When a cache miss occurs, the PrefetchEngine runs predict_next for the missed key and checks which predicted keys are also not in the cache. For each predicted-but-missing key, it initiates a background fetch from the configured source.

  1. Cache miss for key A: Normal miss processing (fetch from source, return to client).
  2. Predict: Call predict_next(A, top_3) → returns [B, C, D] with co-occurrence counts.
  3. Filter: Check which of [B, C, D] are already in the cache. Suppose B is present; C and D are missing.
  4. Pre-fetch: Asynchronously load C and D from the source into the cache.
  5. Result: When the application requests C or D next, they are already in the cache — a hit instead of a miss.
RESP # Query what the model would predict for a key PREFETCH_PREDICT "user:42" # → [ # {"key": "session:42", "count": 47, "in_cache": true}, # {"key": "perms:42", "count": 45, "in_cache": false}, # {"key": "dashboard:42", "count": 43, "in_cache": false} # ]

Decay & Model Bounding

Without decay, the co-occurrence model would grow unbounded and reflect patterns from weeks or months ago. The engine uses two mechanisms to keep the model current and bounded.

Exponential Decay

Every 60 seconds (configurable), the engine halves all co-occurrence counts. This causes old patterns to fade and recent patterns to dominate. After 5 decay cycles (~5 minutes), an old pattern's count is reduced to 3% of its original value.

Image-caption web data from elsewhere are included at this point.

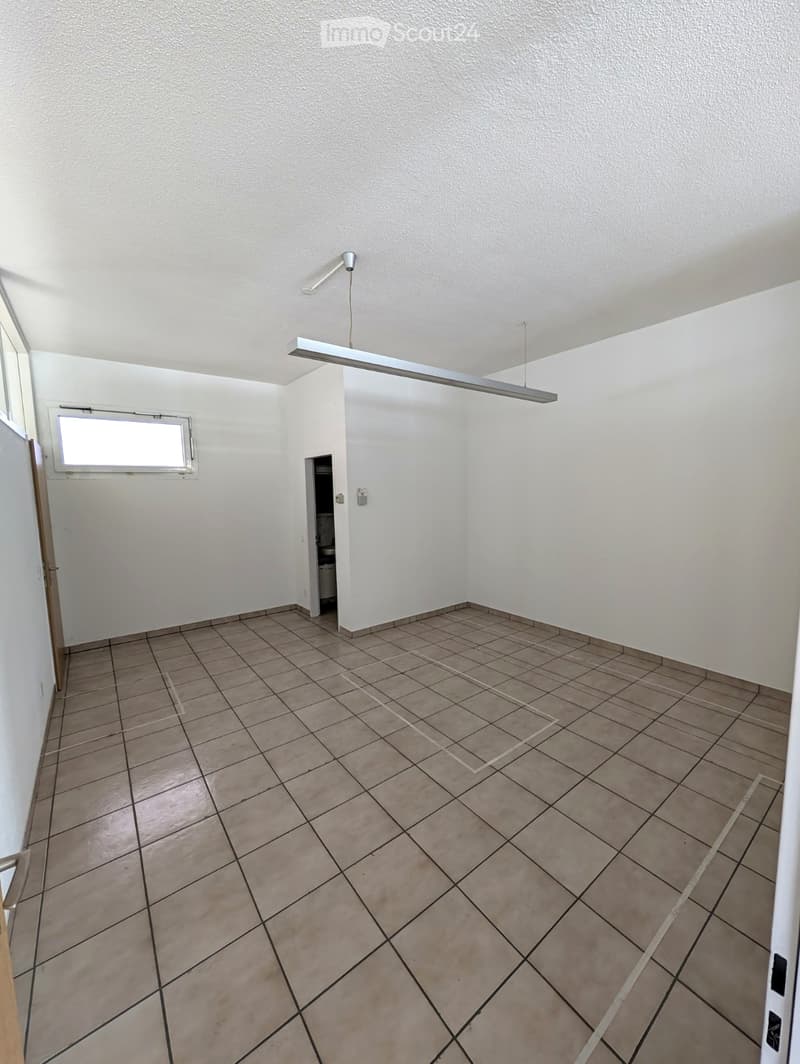 Empty room with tiled floor and white walls, featuring a window, a door, and a visible light fixture on the ceiling.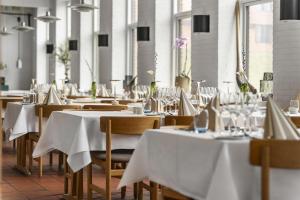 ein Restaurant mit Tischen und Stühlen mit weißen Tischdecken in der Unterkunft Hotel Fuglsocentret, BW Signature Collection in Knebel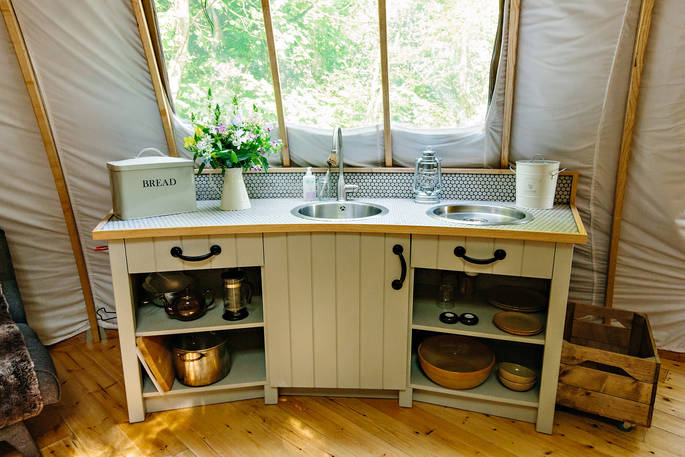 The fully-equipped kitchen area inside The Oakes tent at Penhein Glamping in Monmouthshire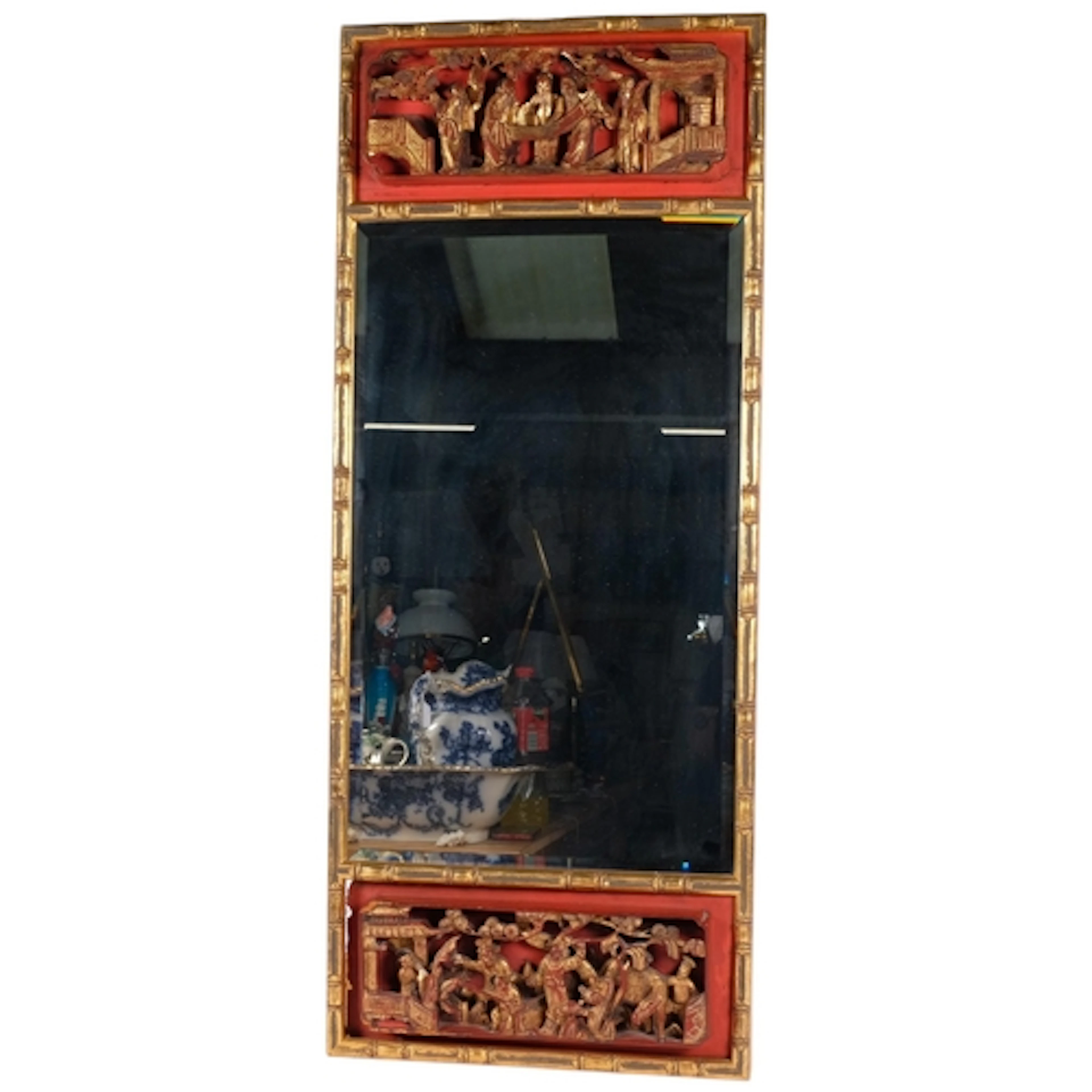 A Vintage Chinese wall mirror, the wooden frame carved to de...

Decay Example # t=0: model["user:42"]["session:42"] = 100 # t=60s: model["user:42"]["session:42"] = 50 (halved) # t=120s: model["user:42"]["session:42"] = 25 (halved) # t=180s: model["user:42"]["session:42"] = 12 (halved) # t=300s: model["user:42"]["session:42"] = 3 (~3% of original)

Bounded Model (100K Keys)

The model tracks at most prefetch.max_keys (default: 100,000) distinct keys. When the limit is reached, the engine evicts the key with the lowest total co-occurrence count before inserting a new one. This keeps memory bounded regardless of key cardinality.

High-Cardinality Keys

If your workload has millions of unique keys (e.g., per-user keys), the 100K model limit means only the most active keys are tracked. Increase prefetch.max_keys if you need broader coverage, but be aware of memory overhead: each tracked key consumes approximately 200–400 bytes in the model (key string + HashMap of co-occurrences).

Configuration

Parameter Default Description
prefetch.enabled false Enable the speculative pre-fetch engine
prefetch.max_keys 100000 Maximum number of keys tracked in the co-occurrence model
prefetch.window_size 8 Ring buffer look-back window for co-occurrence counting
prefetch.top_n 3 Number of keys to predict and potentially pre-fetch per miss
prefetch.decay_interval_s 60 How often to halve co-occurrence counts (seconds)
prefetch.min_count 3 Minimum co-occurrence count to trigger a pre-fetch (noise filter)

Accuracy Metrics

RESP PREFETCH_STATS # → { # "predictions_made": 84200, # "prefetches_triggered": 52100, # "prefetch_hits": 41680, // prefetched key was actually accessed # "prefetch_wasted": 10420, // prefetched but never accessed (evicted) # "accuracy_pct": 80.0, // prefetch_hits / prefetches_triggered # "model_keys": 87432, # "ring_buffer_size": 8 # }
Metric Description Target
accuracy_pct Percentage of pre-fetched keys that were subsequently accessed >70% = good
prefetch_wasted Pre-fetched keys that expired or were evicted before being read <30% = acceptable
miss_rate_reduction Percentage reduction in cache misses due to pre-fetching >15% = meaningful impact
Tuning for Accuracy

If accuracy is below 50%, your workload may not have predictable access patterns. Increase prefetch.min_count to only pre-fetch keys with strong co-occurrence signals, or reduce prefetch.top_n to be more selective. If accuracy is above 80%, consider increasing top_n to capture more predictable keys.